When tasked with finding the area under a curve, you're essentially looking at the amount of space between a graph of a function and the x-axis over a given interval. For the function in question, the area lies between the curve of the function \(y = 2^{1-x}\) and the x-axis, from \(x = -1\) to \(x = 1\). To calculate this, you integrate the function over the specified interval. This gives you the total accumulation of the function's values between these bounds. In simple terms, integration sums up tiny slices of the area to provide the total area under the curve.

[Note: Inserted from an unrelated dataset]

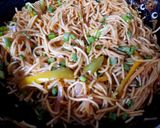 A picture of step 6 of Chinese noodles.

Integration is a powerful mathematical tool that lets us find areas, among other things. For the specific function \(y = 2^{1-x}\), direct integration requires a clever technique. We use substitution to simplify it. Begin by letting \(u = 1-x\). Consequently, \(du = -dx\). By substituting \(u\) into the integral, we transform our problem:

• The integral of \(2^{1-x}\) becomes \(-\int 2^{u} \, du\).

This step, known as substitution, makes the integration process straightforward. The advantage here is it turns potentially complex integrals into easier ones, enabling the calculation of the antiderivative using more basic formulas.

One essential part of using substitution in integrals is adjusting the limits of integration. Initially, the function \(2^{1-x}\) was integrated from \(x = -1\) to \(x = 1\). Once we substitute \(u = 1-x\), these limits transform as well:

• When \(x = -1\), \(u = 2\).
• When \(x = 1\), \(u = 0\).

Now, the integral \(-\int_{2}^{0} 2^{u} \, du\) captures the same area under the curve. This change simplifies our calculations and allows us to proceed smoothly with finding the antiderivative and solving the integral, ensuring we accurately evaluate the area between the defined limits.